In previous eras, sex was learned. Teenagers taught each other and grew personally and sexually together in the process. But with casual encounters, there is usually little time for teaching, and it is easy to end up having bad sex. In addition, some have misguided ideas about sex after watching many hours of porn. “I see guys in my practice [who are] frustrated because they don’t have the spectacular erections they see in porn. It’s the first sexual reference, which doesn’t help because it’s not realistic,” said a psychotherapist from Madrid who prefers to remain anonymous. Javier Sogue, a 22-year-old medical student, did not deny this point but added that women “also imitate porn actresses.”

Modeling sexual performance after what one sees on screen can lead to spectatoring, that is, paying excessive attention to how one looks and sounds during sexual intercourse. That behavior has been associated with sexual dysfunction since the 1950s. Adriana Royo noted that people “watch too much porn. They expect to have very loud orgasms and through penetration alone, and that is not going to happen; there is a lack of sexual education.”

Towards heteropessimism

Such confusion affects heterosexual individuals in particular. Academics call it heteropessimism. The term was first coined in 2019 by Asa Seresin, a doctoral student at the University of Pennsylvania. It refers to heterosexual frustration in the face of repeated failures and bad experiences. Seresin defines heteropessimism as a phenomenon of “feelings and emotions,” which are sharpened by a combination of the feminist critique of patriarchy, the queer critique of heterosexuality, and the economic factors that make it difficult to own property, marry or have children. These elements make the model of the nuclear family less appealing. In the popular vernacular, heteropessimists are those who believe that their lives would be better if they had a different sexual orientation. The same year Seresin coined the phrase, it was added to Urban Dictionary as a “negative or shameful attitude toward one’s heterosexuality.”

Complaining about the misfortune of being heterosexual is not new.
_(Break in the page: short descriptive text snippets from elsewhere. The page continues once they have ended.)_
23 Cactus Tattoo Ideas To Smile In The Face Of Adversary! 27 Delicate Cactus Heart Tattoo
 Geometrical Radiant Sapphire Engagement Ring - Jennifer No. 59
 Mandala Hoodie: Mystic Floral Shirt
In her book Reinventar el amor (Reinventing love), essayist and journalist Mona Chollet quotes a 1980 article by Emmanuèle de Lesseps in the magazine Questions Féministes: “A few days ago I was talking to a feminist, and I asked her if she defined herself as heterosexual. Unfortunately, yes, she answered.” But according to experts, 21st-century heteropessimists are unique in that they do not pursue solutions to the problem.

Seresin believes that this is a phenomenon of “feelings and emotions” intensified by the feminist critique of patriarchy, the queer critique of heterosexuality and the economic factors that make access to property, marriage and having children less attractive than the nuclear family model.

Another academic from the University of California, Jane Ward, recently coined the term pseudoheterosexuals to define straight men who use women to impress other men or those who only seek “narcissistic gratification.” In her book The Tragedy of Heterosexuality (2020), the professor of Sexuality and Gender Studies calls for “deep heterosexuality,” that is, freeing it from patriarchal structures to realize its full potential. How? By learning how women’s bodies and sexuality work; enjoying more diverse women, not just those who fit normative standards; and taking a real interest in the lives, career achievements and aspirations of their partners.

Helen Fisher’s research asks what those who are still looking for someone want now. According to her surveys, they seek financial security and emotional maturity. Only 11% of singles said they were interested in something other than a long-term relationship. “Stability is the new sex,” the anthropologist noted.